NASA's Jet Propulsion Laboratory in California planned a half-hour broadcast incorporating real-time animation to show the asteroid's location.
The Goldstone Solar System Radar, located in California's Mojave Desert, was meanwhile poised to take radar images of the asteroid over the coming days to determine its exact size and shape.
The 2012 DA 14 was discovered by chance by astronomers after passing nearby last February.
NASA estimates a smallish asteroid like 2012 DA 14 flies close to the Earth every 40 years on average but only hits our planet once every 1,200 years.
Astronomers have detected some 9,500 celestial bodies of various sizes that pass near Earth, but they estimate that's only a tenth of what's out there.

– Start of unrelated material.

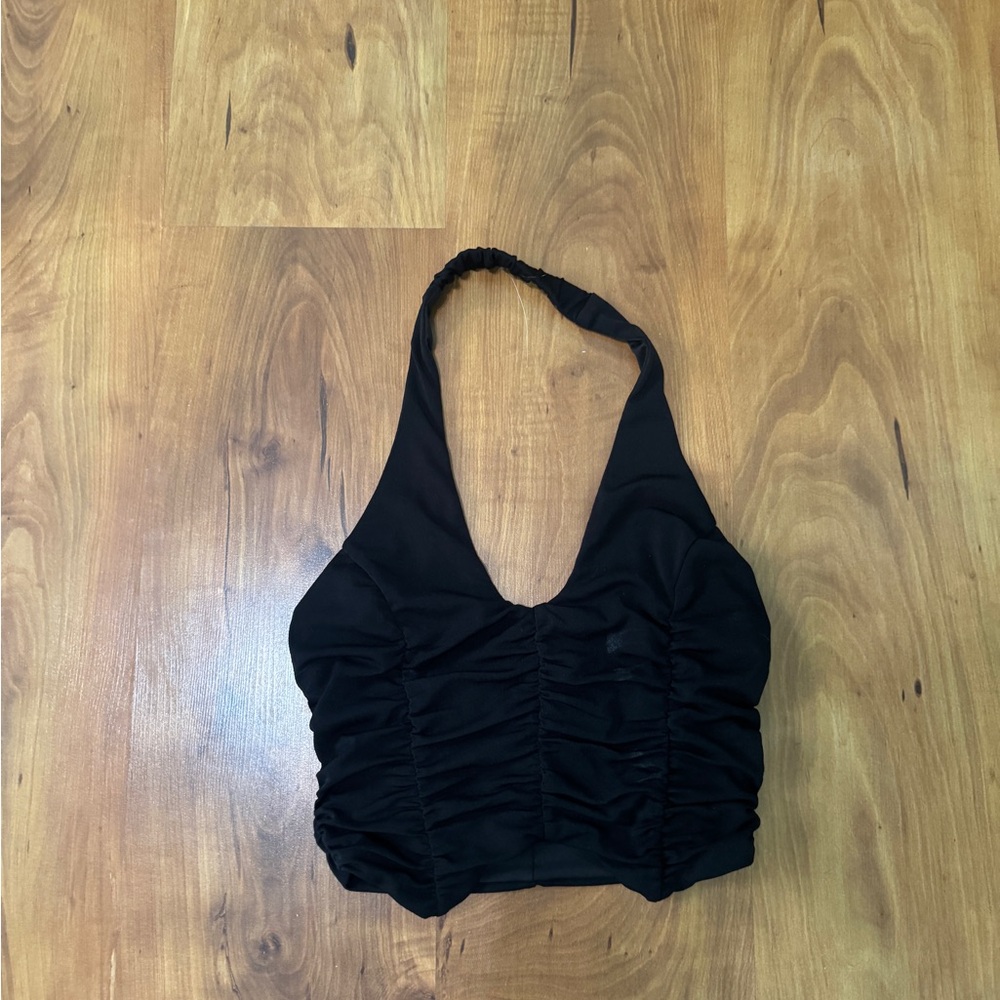 Tiger Mist Black Ruched Halter Top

Even 2012 DA 14 was almost missed last year because of how quickly it passed through the observable sky, according to Jaime Nomen, one of the astronomers who spotted it from the La Sagra observatory in southern Spain.
NASA emphasized last week that it was keeping a careful watch on the skies, including with ever-improving telescopes that make nightly sweeps.
"We've found about 95 percent of those larger asteroids that come close to the Earth," Lindley Johnson, a top official in the space agency's Near-Earth Object Observations Program, said last week.
Smaller objects, like 2012 DA 14, are more numerous and harder to spot, he said, but NASA has found "lots" of them.